Monday, September 3, 2012

Mongolia Mission Trip; Part II

We left from the Beijing train station about 9:00 AM. The country-side through China was beautiful. It was rugged mountains with beautiful valleys. By about 11:00 PM we had stopped at the Chinese/Mongolia border. We had been told that the border crossing could take up to five hours due to the fact that the wheels on each car had to be realigned to fit the Mongolian train tracks, plus the Chinese immigration officers were very particular.
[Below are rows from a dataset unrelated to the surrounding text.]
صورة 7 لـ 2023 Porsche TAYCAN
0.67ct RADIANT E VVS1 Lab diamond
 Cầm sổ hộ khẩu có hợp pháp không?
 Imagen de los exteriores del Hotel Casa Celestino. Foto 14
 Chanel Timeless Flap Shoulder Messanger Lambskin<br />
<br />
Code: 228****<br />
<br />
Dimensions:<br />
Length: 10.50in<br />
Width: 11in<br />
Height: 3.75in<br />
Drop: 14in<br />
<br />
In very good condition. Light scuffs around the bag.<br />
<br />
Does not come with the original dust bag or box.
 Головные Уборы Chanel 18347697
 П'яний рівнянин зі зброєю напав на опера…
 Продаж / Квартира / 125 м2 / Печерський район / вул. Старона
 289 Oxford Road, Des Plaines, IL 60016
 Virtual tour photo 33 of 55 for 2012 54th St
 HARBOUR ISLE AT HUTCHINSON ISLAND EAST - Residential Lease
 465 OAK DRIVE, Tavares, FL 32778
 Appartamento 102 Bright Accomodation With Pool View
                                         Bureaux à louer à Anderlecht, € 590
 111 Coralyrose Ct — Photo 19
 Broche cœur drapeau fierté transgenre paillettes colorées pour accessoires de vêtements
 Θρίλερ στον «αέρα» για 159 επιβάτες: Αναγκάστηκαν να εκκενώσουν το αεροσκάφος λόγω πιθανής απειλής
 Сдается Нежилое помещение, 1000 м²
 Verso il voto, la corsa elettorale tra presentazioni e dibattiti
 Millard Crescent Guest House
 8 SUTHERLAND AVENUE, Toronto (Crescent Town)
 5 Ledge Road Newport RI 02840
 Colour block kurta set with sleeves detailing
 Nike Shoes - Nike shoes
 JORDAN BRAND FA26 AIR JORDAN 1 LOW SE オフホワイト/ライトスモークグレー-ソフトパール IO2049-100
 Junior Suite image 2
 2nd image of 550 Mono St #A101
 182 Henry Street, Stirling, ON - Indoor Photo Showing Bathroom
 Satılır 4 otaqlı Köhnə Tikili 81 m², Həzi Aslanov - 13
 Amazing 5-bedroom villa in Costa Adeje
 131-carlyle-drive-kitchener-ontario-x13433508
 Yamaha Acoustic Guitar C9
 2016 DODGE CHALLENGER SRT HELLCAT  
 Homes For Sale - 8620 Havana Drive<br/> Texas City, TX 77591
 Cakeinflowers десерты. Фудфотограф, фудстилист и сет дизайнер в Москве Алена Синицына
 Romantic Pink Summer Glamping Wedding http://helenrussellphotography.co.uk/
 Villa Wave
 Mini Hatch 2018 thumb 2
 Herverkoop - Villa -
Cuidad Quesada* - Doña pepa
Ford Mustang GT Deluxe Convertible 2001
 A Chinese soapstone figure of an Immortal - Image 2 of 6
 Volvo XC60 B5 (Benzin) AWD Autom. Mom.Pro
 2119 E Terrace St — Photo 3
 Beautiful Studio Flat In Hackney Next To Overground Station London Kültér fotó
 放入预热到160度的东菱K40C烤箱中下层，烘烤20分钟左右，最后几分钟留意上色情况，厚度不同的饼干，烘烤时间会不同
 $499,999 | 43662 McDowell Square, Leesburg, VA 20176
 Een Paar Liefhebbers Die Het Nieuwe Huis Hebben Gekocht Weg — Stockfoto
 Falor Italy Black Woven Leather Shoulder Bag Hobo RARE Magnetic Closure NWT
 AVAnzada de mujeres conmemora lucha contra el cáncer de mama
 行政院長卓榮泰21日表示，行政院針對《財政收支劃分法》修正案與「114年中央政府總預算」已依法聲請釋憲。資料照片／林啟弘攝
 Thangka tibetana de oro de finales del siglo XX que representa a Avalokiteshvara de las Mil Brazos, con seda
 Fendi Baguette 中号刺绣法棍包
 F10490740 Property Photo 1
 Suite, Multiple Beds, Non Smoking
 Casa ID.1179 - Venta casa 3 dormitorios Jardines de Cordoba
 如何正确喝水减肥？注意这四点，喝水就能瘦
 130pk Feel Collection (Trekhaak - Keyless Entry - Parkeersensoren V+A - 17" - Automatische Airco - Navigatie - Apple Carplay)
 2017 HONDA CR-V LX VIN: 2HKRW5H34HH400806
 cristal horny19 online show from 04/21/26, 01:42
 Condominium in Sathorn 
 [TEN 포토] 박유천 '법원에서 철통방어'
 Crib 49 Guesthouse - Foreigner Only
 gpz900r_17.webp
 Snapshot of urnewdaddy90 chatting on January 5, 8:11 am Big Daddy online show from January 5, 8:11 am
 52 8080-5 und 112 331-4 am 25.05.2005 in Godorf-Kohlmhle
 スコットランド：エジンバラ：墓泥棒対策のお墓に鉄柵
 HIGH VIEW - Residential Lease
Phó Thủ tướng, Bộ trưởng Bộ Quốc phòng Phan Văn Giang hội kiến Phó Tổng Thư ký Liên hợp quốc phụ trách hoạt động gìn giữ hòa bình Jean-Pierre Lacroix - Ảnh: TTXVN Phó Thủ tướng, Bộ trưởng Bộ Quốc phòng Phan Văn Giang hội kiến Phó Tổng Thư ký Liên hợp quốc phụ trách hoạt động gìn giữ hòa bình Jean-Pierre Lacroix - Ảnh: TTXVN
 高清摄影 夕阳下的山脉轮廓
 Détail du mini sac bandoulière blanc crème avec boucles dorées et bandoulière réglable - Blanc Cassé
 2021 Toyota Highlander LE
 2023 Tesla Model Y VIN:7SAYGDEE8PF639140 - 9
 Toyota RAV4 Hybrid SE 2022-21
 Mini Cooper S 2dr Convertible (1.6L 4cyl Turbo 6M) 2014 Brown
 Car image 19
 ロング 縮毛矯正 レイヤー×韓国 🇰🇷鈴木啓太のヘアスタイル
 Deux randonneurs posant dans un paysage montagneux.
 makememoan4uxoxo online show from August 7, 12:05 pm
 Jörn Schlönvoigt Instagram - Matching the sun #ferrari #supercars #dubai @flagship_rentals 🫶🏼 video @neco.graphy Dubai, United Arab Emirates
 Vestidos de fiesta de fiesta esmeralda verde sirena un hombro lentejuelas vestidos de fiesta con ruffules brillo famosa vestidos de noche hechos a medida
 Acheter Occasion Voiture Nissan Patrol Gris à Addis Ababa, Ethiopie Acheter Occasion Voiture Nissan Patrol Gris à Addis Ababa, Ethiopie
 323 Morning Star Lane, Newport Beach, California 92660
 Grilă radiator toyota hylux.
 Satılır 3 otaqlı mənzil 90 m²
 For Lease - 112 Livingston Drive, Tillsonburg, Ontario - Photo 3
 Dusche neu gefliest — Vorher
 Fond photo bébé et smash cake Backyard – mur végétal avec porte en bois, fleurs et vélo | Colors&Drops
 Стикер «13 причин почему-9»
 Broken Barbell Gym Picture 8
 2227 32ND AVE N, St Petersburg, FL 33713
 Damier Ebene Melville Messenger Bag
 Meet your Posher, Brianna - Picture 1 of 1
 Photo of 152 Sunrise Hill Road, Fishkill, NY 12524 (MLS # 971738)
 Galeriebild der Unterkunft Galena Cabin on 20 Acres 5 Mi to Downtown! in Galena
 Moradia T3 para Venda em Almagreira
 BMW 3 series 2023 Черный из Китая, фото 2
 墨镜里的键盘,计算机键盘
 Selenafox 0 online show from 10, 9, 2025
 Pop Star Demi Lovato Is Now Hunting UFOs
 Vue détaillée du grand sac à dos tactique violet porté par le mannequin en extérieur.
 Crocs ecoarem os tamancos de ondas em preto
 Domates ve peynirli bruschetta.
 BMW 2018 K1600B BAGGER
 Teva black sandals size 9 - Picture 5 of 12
About thirty minutes after we had come to a stop, the officers came to our booth and asked for our passports. They were very stern. They took each passport, carefully examining the photo with the person and asking questions about name, birth date, and spelling of name. Without another word, they kept our passports and went to the next car. I noticed that they had a stack of passports from the other passengers.

Outside our window was the Chinese immigration buildings with guards. After the officers took our passports, we began to notice people getting off the train and walking around. Greg and I got off to stretch our legs and look around. We noticed people walking into the building and coming out with soft drinks, chips, and souvenirs. We recognized a blond-headed lady who we had spoken to during the day from our car. She was from France. She came up to us eating an ice-cream bar. We asked where she got it and she told us inside. Greg and I both decided that an ice-cream bar would sure taste good. Only hours before we had skirted the Gobi desert and ice-cream seemed to be a wonderful idea.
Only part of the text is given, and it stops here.